蕾が上がったら肥料を切る?クリスマスローズの施肥タイミングを信じすぎて迷走した話

2026-02-02

冬の寒さが少し緩み始めた頃、クリスマスローズに次々と蕾が見え始めた。育て始めて数年目で、「蕾がついたら肥料を切る」という言葉をそのまま信じ、液肥をぴたりと止めた。用土は排水性重視で、乾きも早い配合だったが、細かいことは気にせず、とにかく“切るもの”だと思い込んでいた。

蕾は一か月以上だらだらと上がり続け、その間ずっと肥料なし。「こんなに体力使って大丈夫なのかな」と思いつつも、間違えるのが怖くて何もしなかった。花は咲いたが、色が薄く、葉も元気がないように見えた。春になっても新葉の勢いが弱く、翌年の花芽が不安になった。

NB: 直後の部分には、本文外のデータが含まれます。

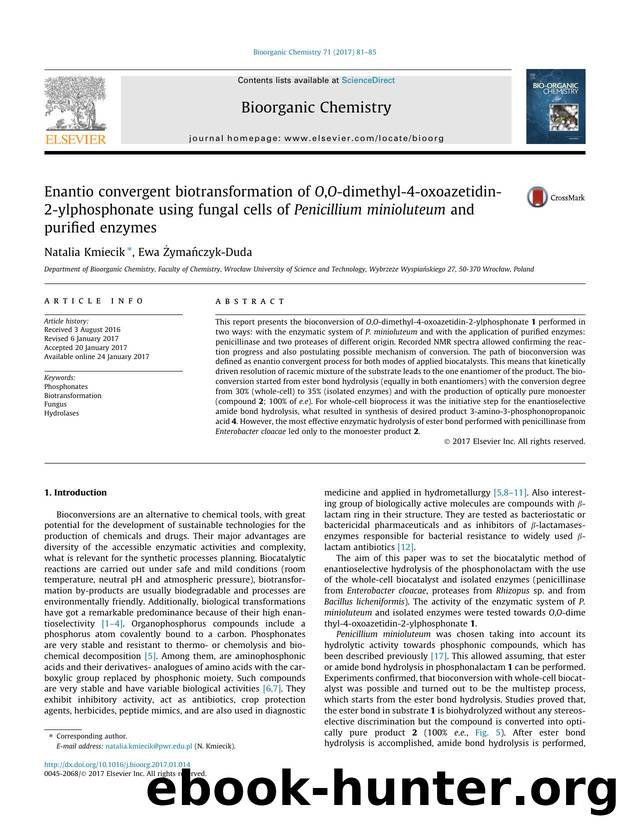 Enantio convergent biotransformation of O,O-dimethyl-4-oxoazetidin-2-ylphosphonate using fungal cells of Penicillium minioluteum and purified enzymes by Natalia Kmiecik & Ewa Żymańczyk-Duda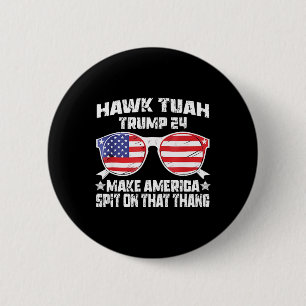 Hawk Tuah Funny Viral Spaß Meme Video Girl 24 Tua Button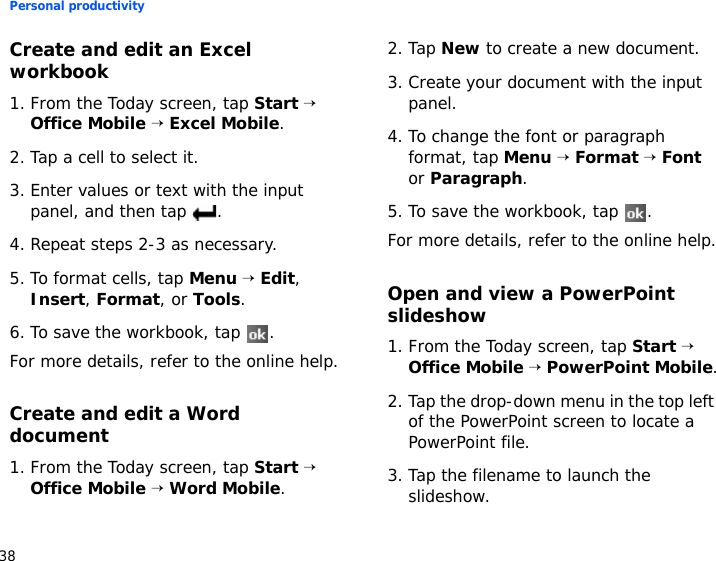 Personal productivity38Create and edit an Excel workbook1. From the Today screen, tap Start → Office Mobile → Excel Mobile.2. Tap a cell to select it.3. Enter values or text with the input panel, and then tap  .4. Repeat steps 2-3 as necessary.5. To format cells, tap Menu → Edit, Insert, Format, or Tools.6. To save the workbook, tap  .For more details, refer to the online help.Create and edit a Word document1. From the Today screen, tap Start → Office Mobile → Word Mobile.2. Tap New to create a new document.3. Create your document with the input panel.4. To change the font or paragraph format, tap Menu → Format → Font or Paragraph.5. To save the workbook, tap  .For more details, refer to the online help.Open and view a PowerPoint slideshow1. From the Today screen, tap Start → Office Mobile → PowerPoint Mobile.2. Tap the drop-down menu in the top left of the PowerPoint screen to locate a PowerPoint file.3. Tap the filename to launch the slideshow.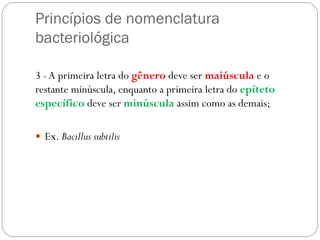 Princípios de nomenclatura
bacteriológica
3 -A primeira letra do gênero deve ser maiúscula e o
restante minúscula, enquanto a primeira letra do epíteto
específico deve ser minúscula assim como as demais;
 Ex. Bacillus subtilis
 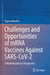Challenges and Opportunities of Mrna Vaccines Against Sars-Cov-2: A Multidisciplinary Perspective by Siguna Mueller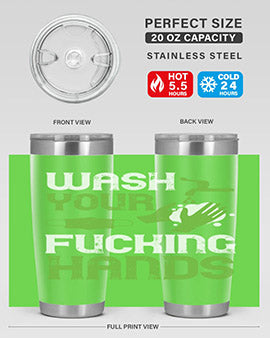 wash your fucking hands Style 14#- corona virus- Tumbler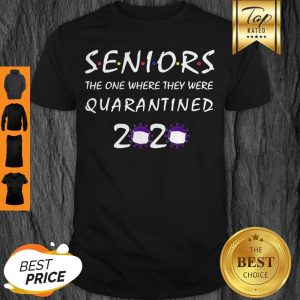 Seniors 2020 Graduating Class In Quarantined Coronavirus Shirt
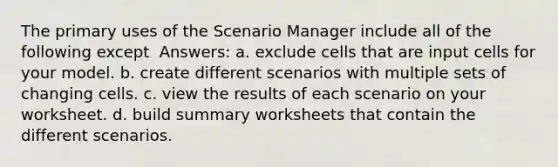 The primary uses of the Scenario Manager include all of the following except ​ Answers: a. ​exclude cells that are input cells for your model. b. ​create different scenarios with multiple sets of changing cells. c. ​view the results of each scenario on your worksheet. d. ​build summary worksheets that contain the different scenarios.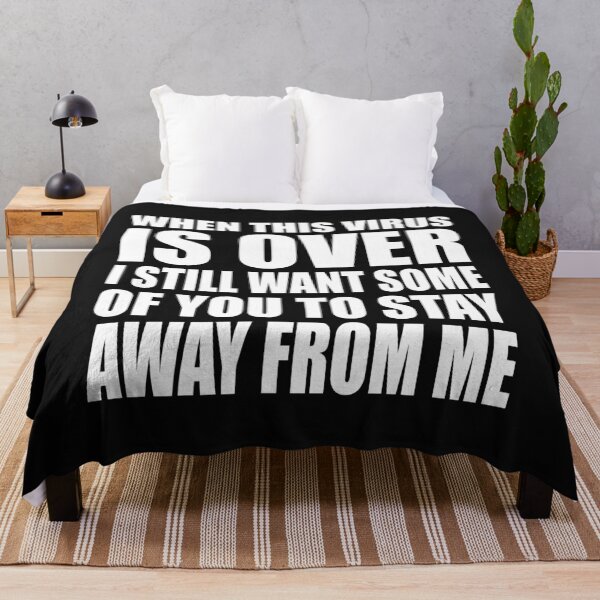 Item preview, WHEN THIS VIRUS IS OVER I STILL WANT SOME OF YOU TO STAY AWAY FROM ME T-SHIRT designed and sold by bigerdan.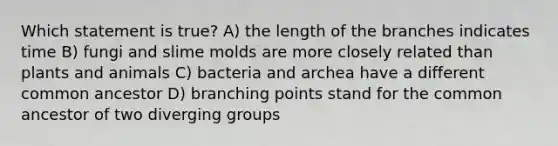 Which statement is true? A) the length of the branches indicates time B) fungi and slime molds are more closely related than plants and animals C) bacteria and archea have a different common ancestor D) branching points stand for the common ancestor of two diverging groups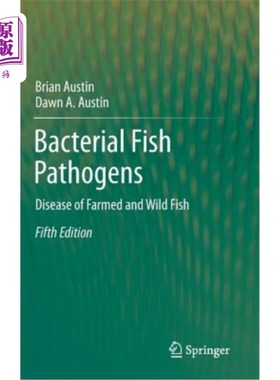 海外直订Bacterial Fish Pathogens: Disease of Farmed and Wild Fish 鱼类细菌性病原体:养殖和野生鱼类的疾病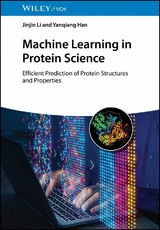 Machine Learning in Protein Science - Jinjin Li, Yanqiang Han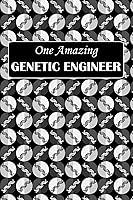 Algopix Similar Product 12 - One Amazing GENETIC ENGINEER Gene 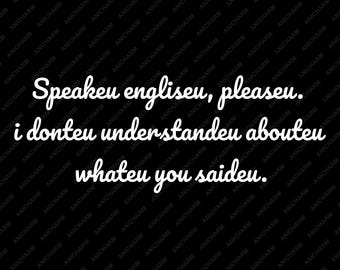 Speakeu Engliseu Meme PNG, Viral Twitter Quote Clipart, Funny Saying Digital Download File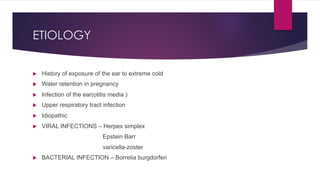 ETIOLOGY
u History of exposure of the ear to extreme cold
u Water retention in pregnancy
u Infection of the ear(otitis media )
u Upper respiratory tract infection
u Idiopathic
u VIRAL INFECTIONS – Herpex simplex
Epstein Barr
varicella-zoster
u BACTERIAL INFECTION – Borrelia burgdorferi
 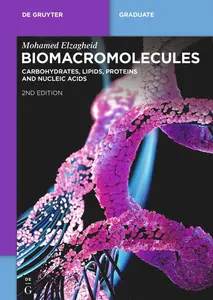 Biomacromolecules Carbohydrates, Lipids, Proteins and Nucleic Acids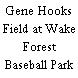 Gene Hooks Field at Wake Forest Baseball Park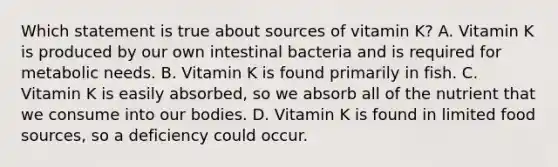 Which statement is true about sources of vitamin K? A. Vitamin K is produced by our own intestinal bacteria and is required for metabolic needs. B. Vitamin K is found primarily in fish. C. Vitamin K is easily absorbed, so we absorb all of the nutrient that we consume into our bodies. D. Vitamin K is found in limited food sources, so a deficiency could occur.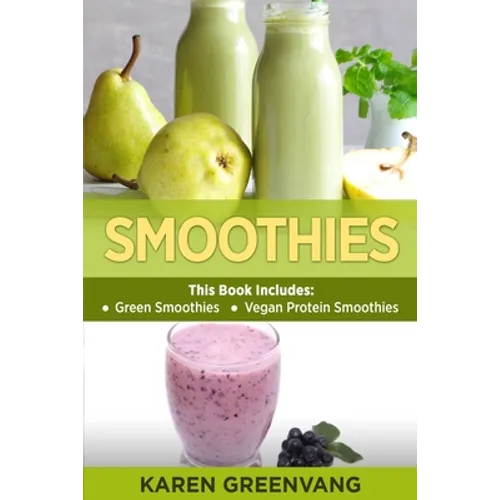 Smoothies: Green Smoothies & Vegan Protein Smoothies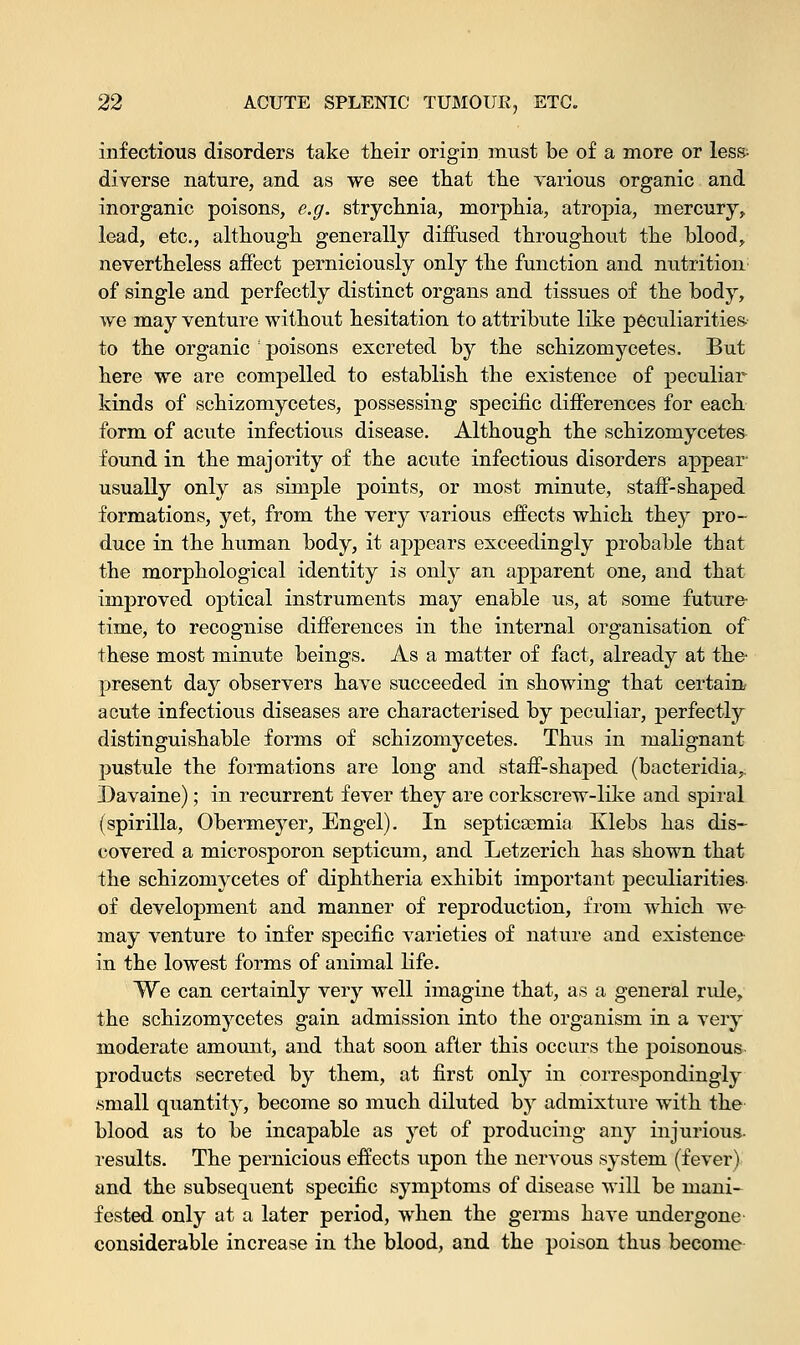 infectious disorders take their origin must be of a more or less- diverse nature, and as we see that the various organic and inorganic poisons, e.g. strychnia, morphia, atropia, mercury, lead, etc., although generally diffused throughout the blood, nevertheless affect perniciously only the function and nutrition of single and perfectly distinct organs and tissues of the body, we may venture without hesitation to attribute like peculiarities to the organic ! poisons excreted by the schizomycetes. But here we are compelled to establish the existence of peculiar kinds of schizomycetes, possessing specific differences for each form of acute infectious disease. Although the schizomycetes found in the majority of the acute infectious disorders appear usually only as simple points, or most minute, staff-shaped formations, yet, from the very various effects which they pro- duce in the human body, it appears exceedingly probable that the morphological identity is only an apparent one, and that improved optical instruments may enable us, at some future- time, to recognise differences in the internal organisation of these most minute beings. As a matter of fact, already at the- present day observers have succeeded in showing that certain acute infectious diseases are characterised by peculiar, perfectly distinguishable forms of schizomycetes. Thus in malignant pustule the formations are long and staff-shaped (bacteridia,. Davaine); in recurrent fever they are corkscrew-like and spiral (spirilla, Obermeyer, Engel). In septicaemia Klebs has dis- covered a microsporon septicum, and Letzerich has shown that the schizomycetes of diphtheria exhibit important peculiarities of development and manner of reproduction, from which wo may venture to infer specific varieties of nature and existence in the lowest forms of animal life. We can certainly very well imagine that, as a general rule, the schizomycetes gain admission into the organism in a very moderate amount, and that soon after this occurs the poisonous products secreted by them, at first only in correspondingly .small quantity, become so much diluted by admixture with the blood as to be incapable as yet of producing any injurious- results. The pernicious effects upon the nervous system (fever) and the subsequent specific symptoms of disease will be mani- fested only at a later period, when the germs have undergone considerable increase in the blood, and the poison thus become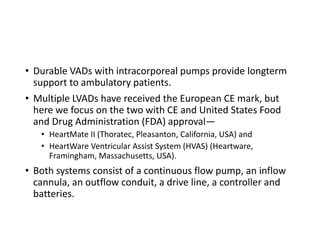 • Durable VADs with intracorporeal pumps provide longterm
support to ambulatory patients.
• Multiple LVADs have received the European CE mark, but
here we focus on the two with CE and United States Food
and Drug Administration (FDA) approval—
• HeartMate II (Thoratec, Pleasanton, California, USA) and
• HeartWare Ventricular Assist System (HVAS) (Heartware,
Framingham, Massachusetts, USA).
• Both systems consist of a continuous flow pump, an inflow
cannula, an outflow conduit, a drive line, a controller and
batteries.
 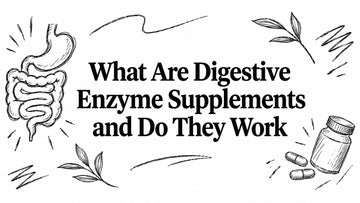 What Are Digestive Enzyme Supplements and Do They Work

正直、ずっとモヤモヤしていた。「本当にこれで合ってるのか」「切りすぎたんじゃないか」。ネットや人の意見を見るほど混乱し、頭の中がぐちゃぐちゃだった。「知らんけど」という軽い言葉が逆に重く感じた瞬間でもある。

今思えば、用土や環境を無視して、言葉だけをなぞっていた。当時は施肥=悪、みたいな極端な考え方に寄っていて、残留養分や土の性質まで考える余裕がなかった。失敗しないために動かない選択をしていたのだと思う。

後から振り返ると、疑問を感じた時点で一度立ち止まればよかった。完全に切るか与えるかの二択ではなく、自分の株の様子を見るという発想が抜けていた。「原則」をそのまま当てはめる怖さを、この時に初めて知った気がする。